GIVEN INFORMATION -
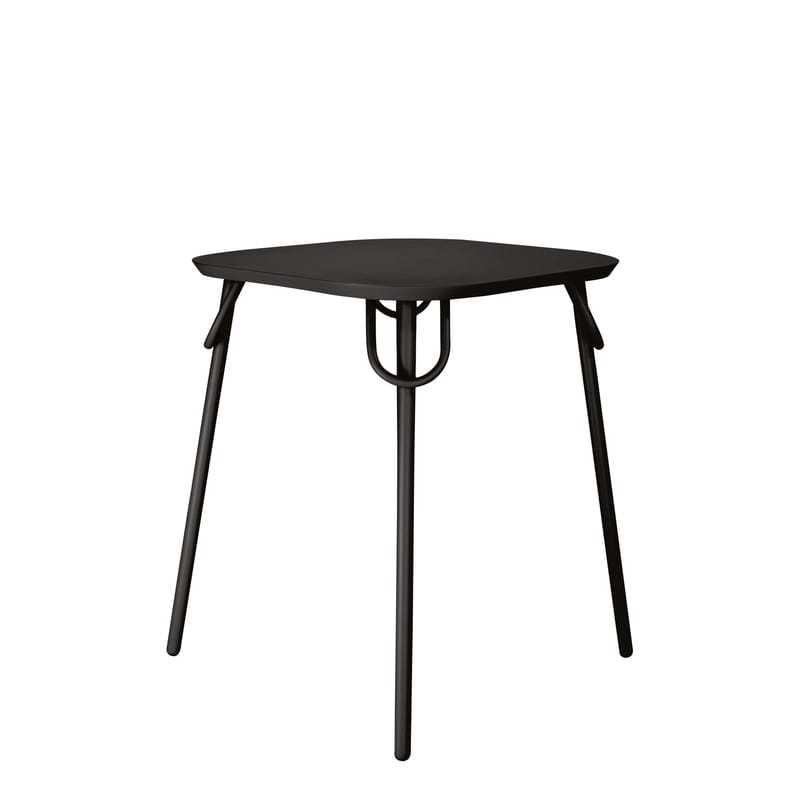 Jardin - Tables de jardin - Table carrée Swim Duo métal noir / 63 x 63 cm - Bibelo - Noir - Acier laqué époxy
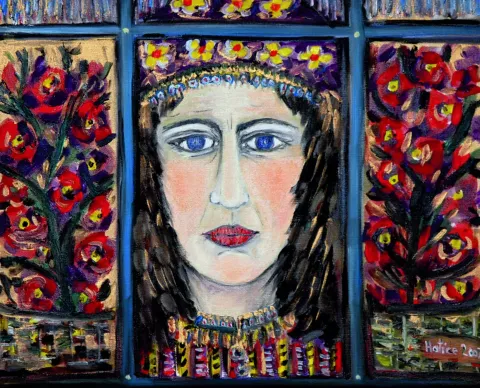 "Bekleyiş" eseri HATİCE KUMBARACI GÜRSÖZ tarafından 2007 yılında 40x50 cm ölçülerinde Tuval üzeri yağlı boya tekniği ile yapılmıştır.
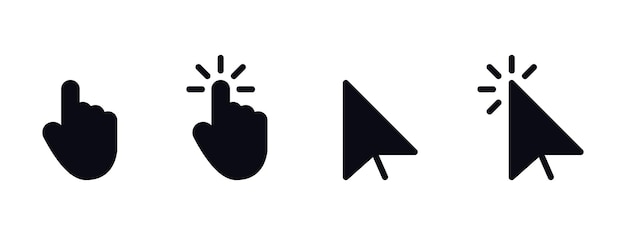 Cursor Click Icon Pack Pointer Select Click Symbols Vector Graphics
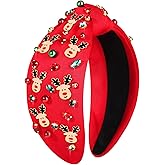 NVENF Christmas Headband for Women Jeweled Xmas Plaid Headband Embellished Crystal Pearl Knotted Headbands Wide Top Knot Holiday Hairband Christmas Hair Accessories Holiday Outfits Gifts (Reindeer 2)
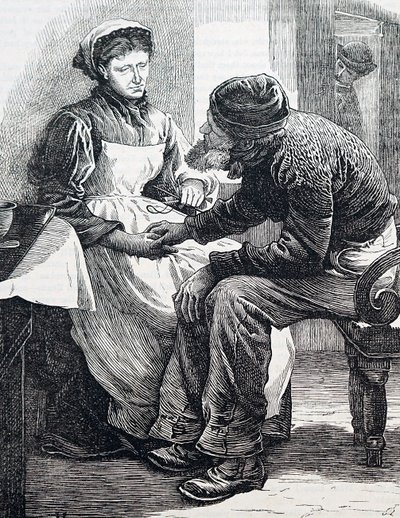 Um casal de idosos. Por William Small (1843-1929), um ilustrador inglês. 1880 (gravura) de William Small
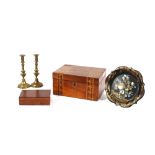 A Victorian burr walnut Tunbridge ware banded jewellery box; a small Indian hardwood brass inlaid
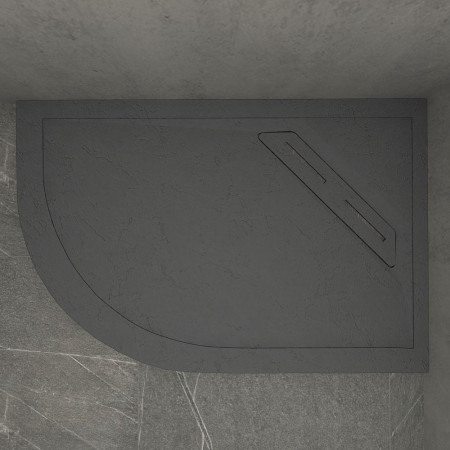 Kudos Connect 2 Right Hand Offset Quadrant Slate Grey Shower Tray 1000 x 800mm
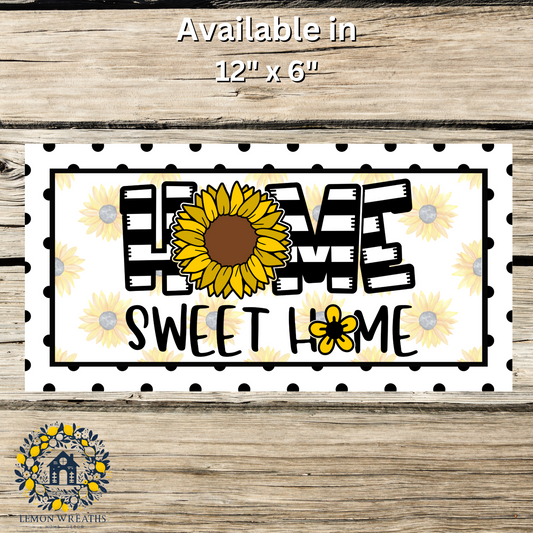 Home Sweet Home Sunflowers and Polka Dots Metal Sign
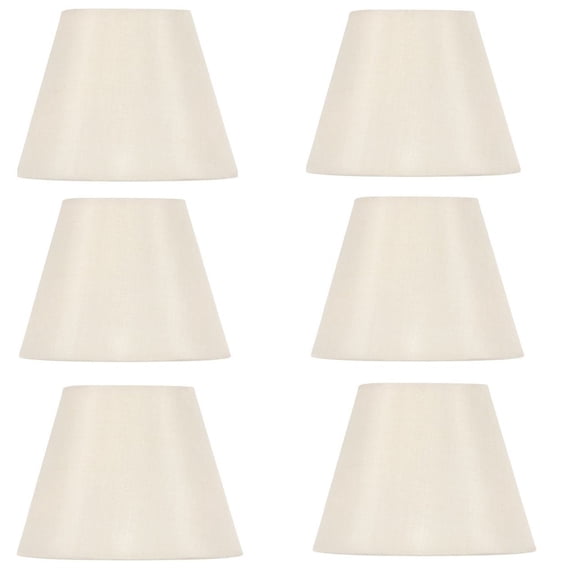 White Silk 4 Inch Retro Drum Clip On Chandelier Lampshades (Set of 6)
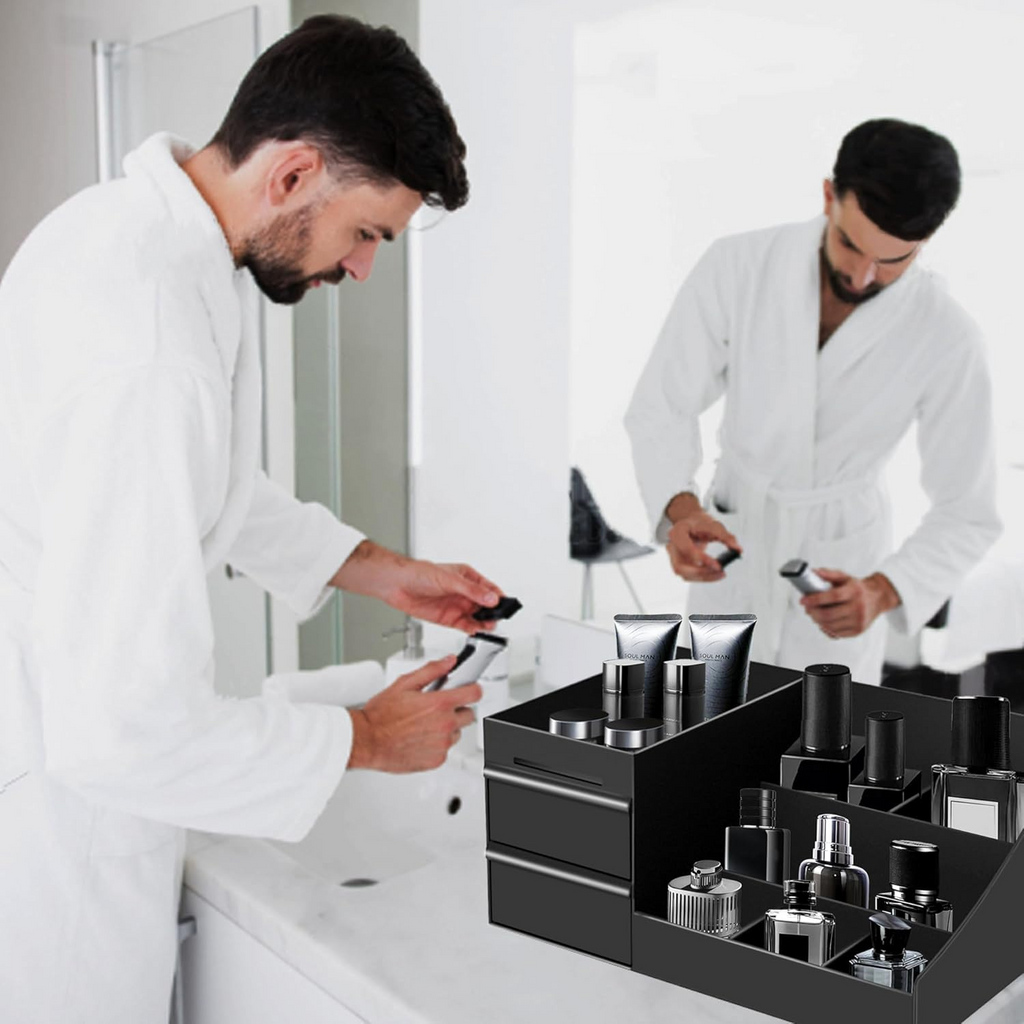 Bathroom Counter Organizer with Non-Slip Base and Multiple Compartments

REQUIREMENT - Return the entries above in full and unchanged, omitting every image.

RESPONSE FOR THIS EXERCISE -
 Jardin - Tables de jardin - Table carrée Swim Duo métal noir / 63 x 63 cm - Bibelo - Noir - Acier laqué époxy
 "Bekleyiş" eseri HATİCE KUMBARACI GÜRSÖZ tarafından 2007 yılında 40x50 cm ölçülerinde Tuval üzeri yağlı boya tekniği ile yapılmıştır.
 Cursor Click Icon Pack Pointer Select Click Symbols Vector Graphics
 NVENF Christmas Headband for Women Jeweled Xmas Plaid Headband Embellished Crystal Pearl Knotted Headbands Wide Top Knot Holiday Hairband Christmas Hair Accessories Holiday Outfits Gifts (Reindeer 2)
 Um casal de idosos. Por William Small (1843-1929), um ilustrador inglês. 1880 (gravura) de William Small
 A Victorian burr walnut Tunbridge ware banded jewellery box; a small Indian hardwood brass inlaid
 Kudos Connect 2 Right Hand Offset Quadrant Slate Grey Shower Tray 1000 x 800mm
 Home Sweet Home Sunflowers and Polka Dots Metal Sign
 White Silk 4 Inch Retro Drum Clip On Chandelier Lampshades (Set of 6)
 Bathroom Counter Organizer with Non-Slip Base and Multiple Compartments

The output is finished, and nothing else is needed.